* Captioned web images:
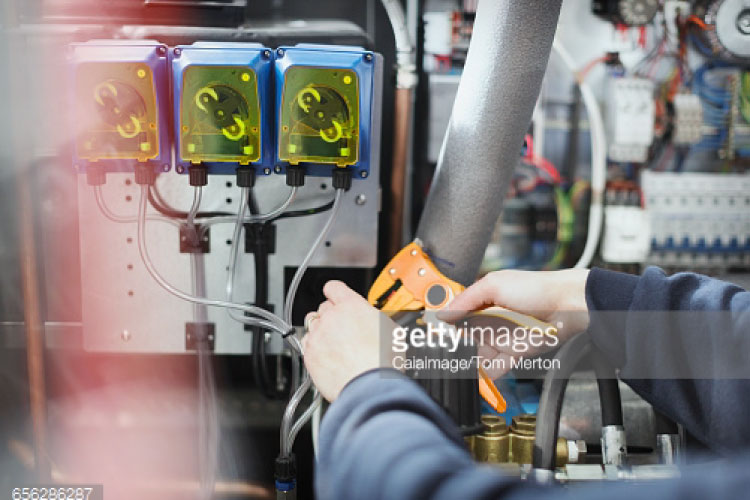 Nama Industrial Equipment Services Operator Maintenance.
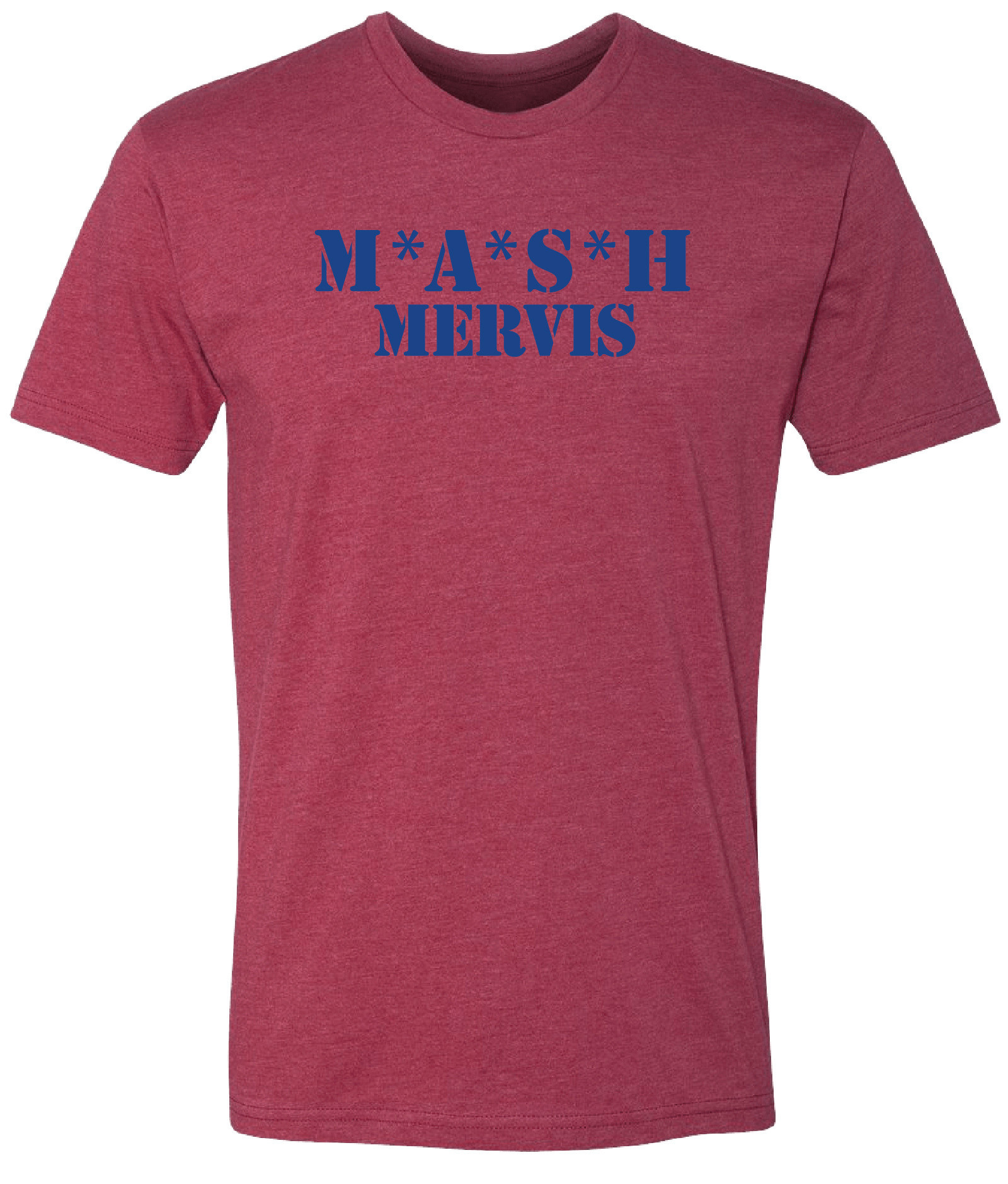 OBVIOUS SHIRTS Merch Mash Mervis T-Shirt Gifts For Father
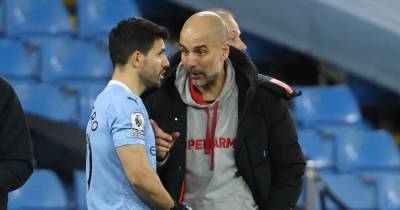 Pep Guardiola has given Sergio Aguero his blessing to join Man Utd after Man City exit - www.manchestereveningnews.co.uk - Manchester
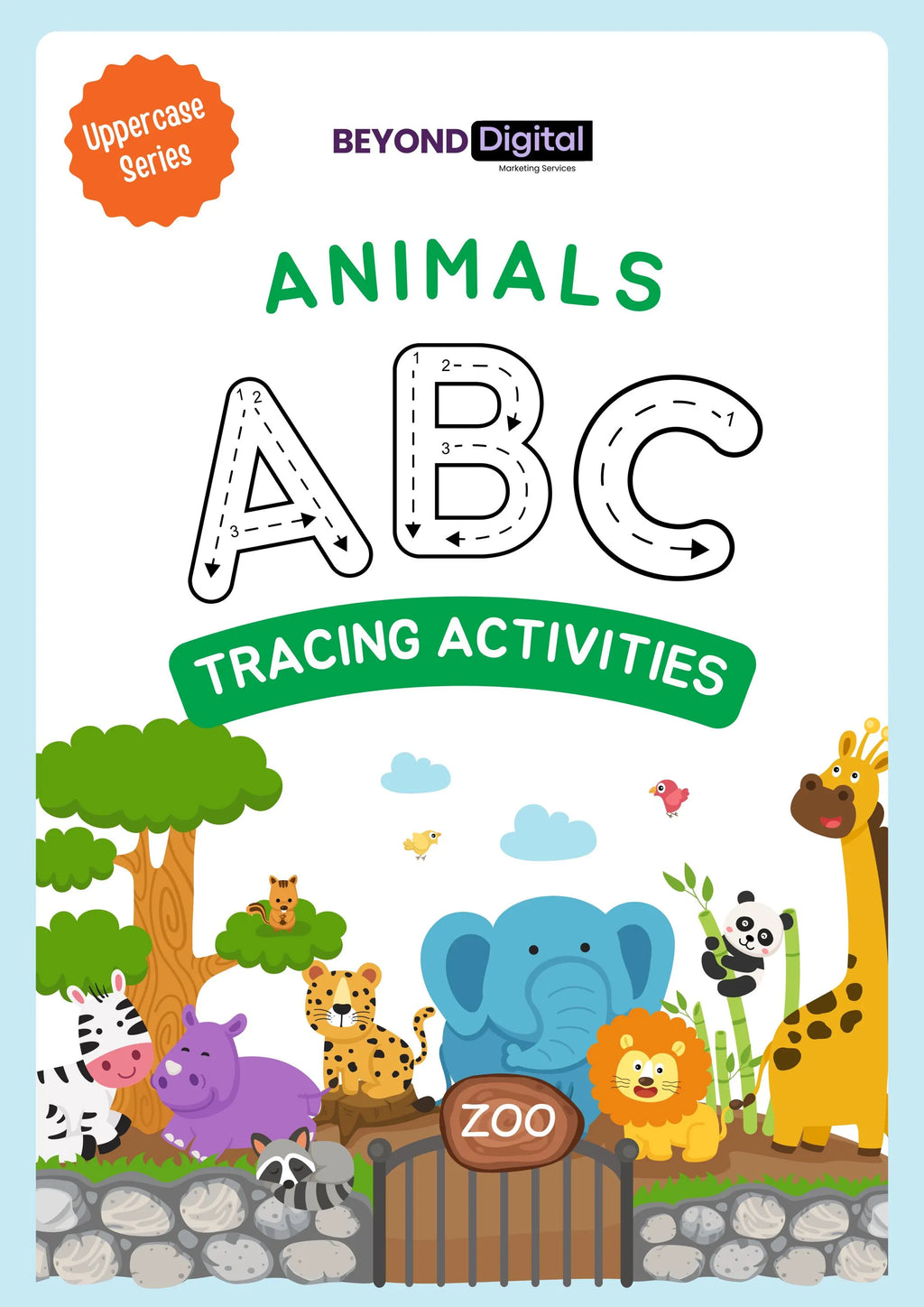 Animals ABC Tracing Activities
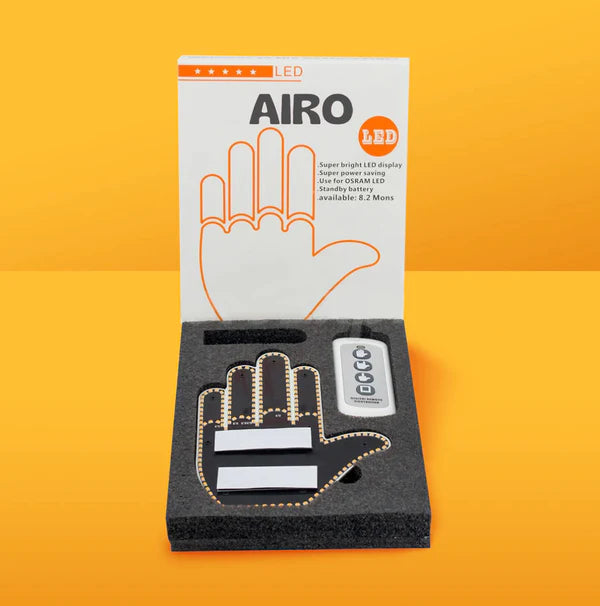 Manulights Manita LED: ¡convierta las señales en sonrisas!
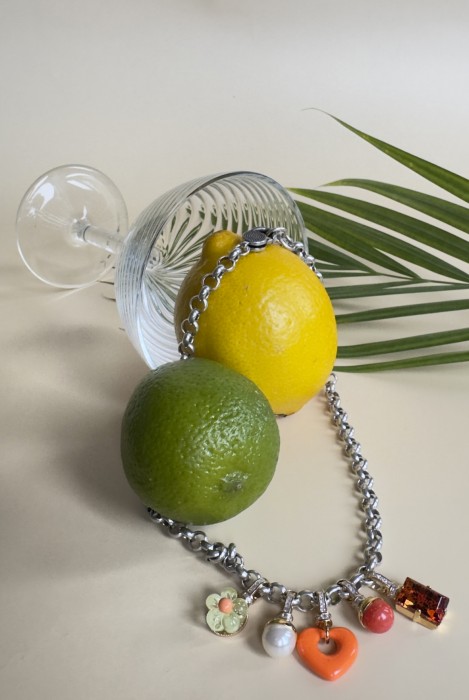 LOCKERS CHAIN necklace to compose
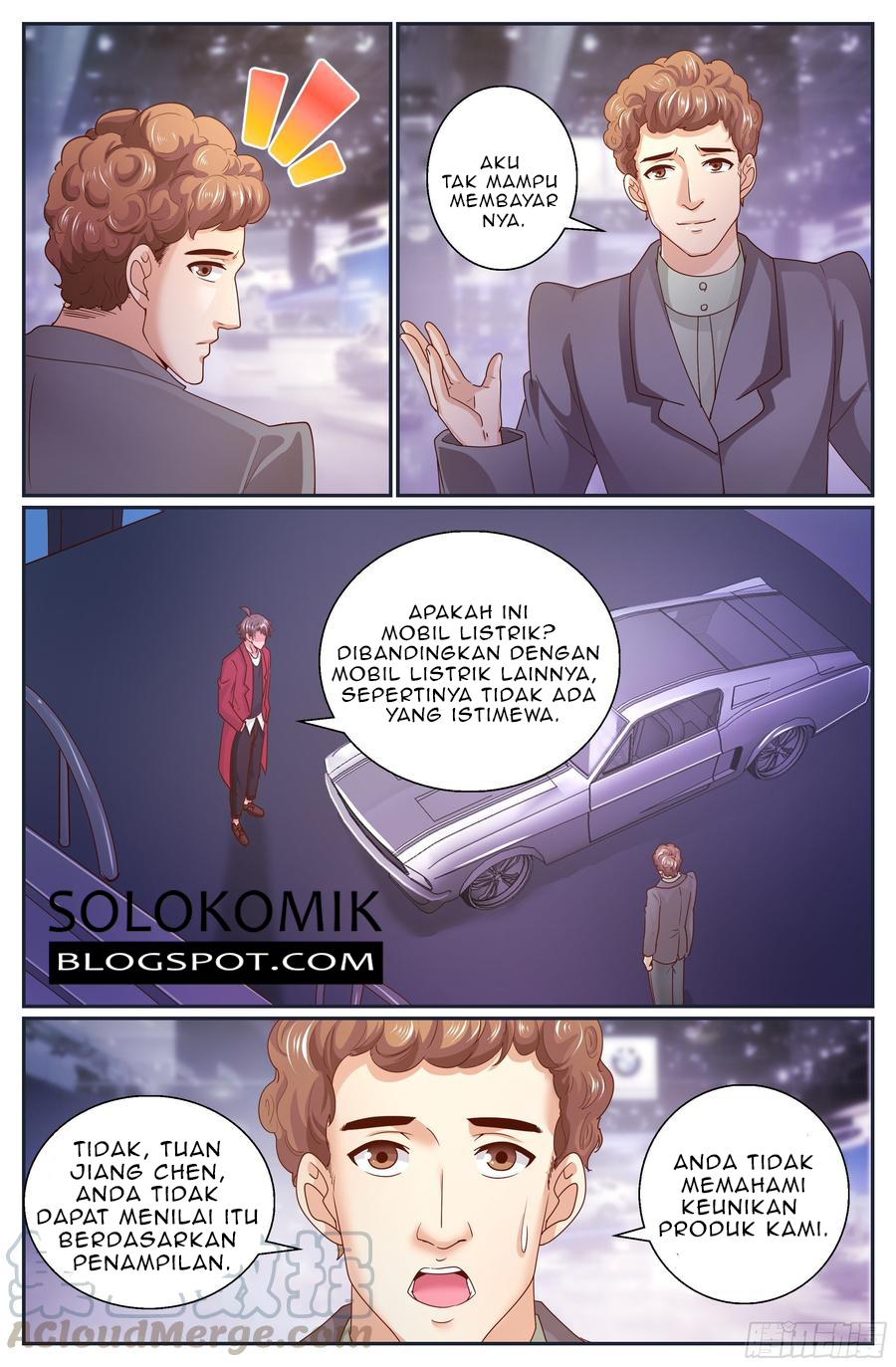 I Have a Mansion In The Post-Apocalyptic World Chapter 316 Gambar 44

* WORK TO COMPLETE: Retype all of the data above word for word, excluding the pictures.

* SOLUTION TO THIS EXERCISE:
 Nama Industrial Equipment Services Operator Maintenance.
 OBVIOUS SHIRTS Merch Mash Mervis T-Shirt Gifts For Father
 Pep Guardiola has given Sergio Aguero his blessing to join Man Utd after Man City exit - www.manchestereveningnews.co.uk - Manchester
 Animals ABC Tracing Activities
 Manulights Manita LED: ¡convierta las señales en sonrisas!
 LOCKERS CHAIN necklace to compose
 I Have a Mansion In The Post-Apocalyptic World Chapter 316 Gambar 44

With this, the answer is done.